WESTBURY, N.Y.–Confirming rumors, Fortunoff will be purchased by an affiliate of NRDC Equity Partners, the owner of the Lord & Taylor department store chain. At the same time and to affect the transaction, Fortunoff has filed for bankruptcy protection.
“We are excited by the opportunities presented by affiliating with Lord & Taylor,” said Arnold Orlick, Fortunoff’s chief executive officer of the home goods and jewelry chain, in a statement. “It has been a difficult retail environment and capital constraints have limited our expansion opportunities. This transaction will help realign our capital structure and provide an avenue for future growth.”
Richard Baker, chairman of Lord & Taylor and CEO of NRDC Equity Partners, said NRDC plans to invest $100 million in Fortunoff, “with investments being made in both existing and additional stores,” Baker said in the statement.
In tandem with the bankruptcy filing, Lord & Taylor has made available a $10 million letter of credit to enable Fortunoff to continue to buy inventory.
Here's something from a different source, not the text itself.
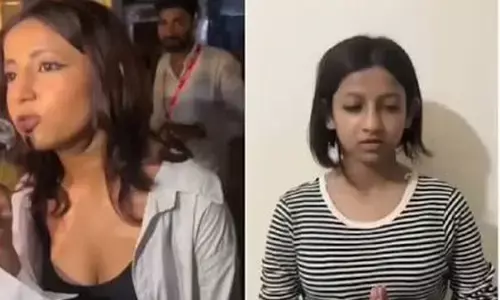 रुचिका सिंह ने हाथ जोड़कर मांगी माफी रुचिका सिंह ने हाथ जोड़कर मांगी माफी
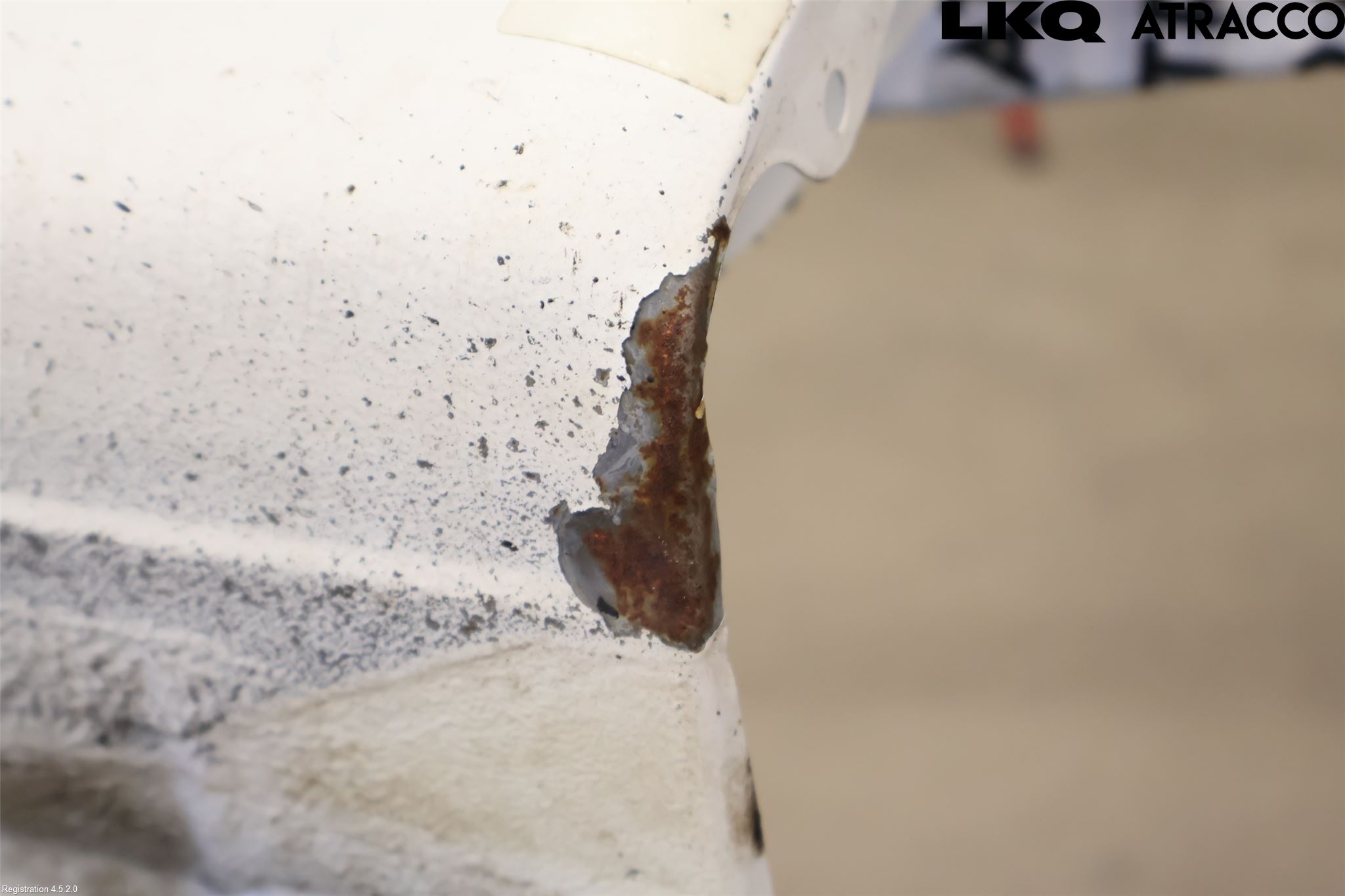 Nissan PULSAR Skärm Fram Höger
Certain of the company’s existing lenders have agreed to provide Fortunoff with debtor-in-possession financing that will be used to run the retailer during the bankruptcy process pending the sale.
The sale will be completed through a bankruptcy process that permits other interested bidders to make competing offers. Subject to certain approvals, the sale is expected to close in early March.